Bagaimana orang-orang seperti itu bisa ada di sepak bola akar rumput, dan masuk grup pula. Tidak tahu kompetisi sepak bola kita terhenti karena politik. PSSI juga hanya jadi kendaraan politik. Lihat Ketua Umum PSSI kita sekarang, apa yang sedang dirintisnya di luar sepak bola? Mau jadi Gubernur, mengikuti pendahulunya. Apa namanya? Sepak bola untuk politik atau politik numpang sepak bola?
Lewat artikel ini, saya mengetuk PSSI, lihat pembina dan pelatih akar rumput kita. Dan, harus diingat, ini Indonesia, bukan negara lain Asia Tenggara, Asia, dan Dunia. Maka, pembina/pelatih sepak bola akar rumput adalah ujung tombak.
Saat sekolah formal tak tatap muka, SSB dan sejenisnya bisa menggantikan ikut mendidik siswa yang sama.

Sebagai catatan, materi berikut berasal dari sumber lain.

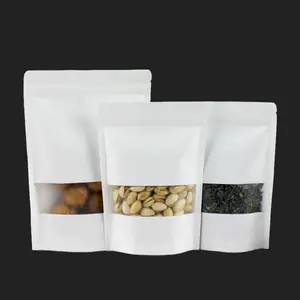 Пакеты из белой крафт-бумаги на заказ с матовым окном, многоразовые Упаковочные пакеты для малого бизнеса и продуктов питания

Tapi bila fakta dan kondisinya seperti ini, apa yang bisa diharapkan dari akar rumput sepak bola?
Pembina dan pelatih sepak bola akar rumput wajib memiliki kompetensi menjadi pendidik yang secara berkala pun ada uji kompetensinya karena yang dihadapi anak-anak pondasi bangsa.
Lihatlah, guru sekolah formal yang berkompeten saja, berkali-kali saat ikut Uji Kompetensi Guru (UKG) tak lulus, lho.
Coba simak apa yang diungkap oleh Yusuf Kurniawan (Yuke), komentator sepak bola nasional yang sekaligus Direktur Kompetisi Sepak Bola Akar Rumput Swasta melalui pesan WA kepada saya, Rabu (6/1/2021)
"Sepakbola banyak mengajari kita bagaimana memaknai hidup yang bermanfaat, tidak harus selalu menjadi pemain bola pro endingnya, tapi seberapa bermanfaatnya kita (dan anak-anak kita nanti) untuk kehidupan di sekitar kita. Itulah esensi hakiki yang menurut saya sebagai parameter sukses kita berkecimpung di sepakbola."
Pertanyaannya, mampukah pembina/pelatih sepak bola akar rumput yang tak berkompeten menjadi guru di lapangan mengantar siswa/pemain seperti yang diungkap oleh Yuke untuk kehidupan bila tak berbekal ilmu dan berwawasan cukup standar baik yang didapat secara formal dan nonformal?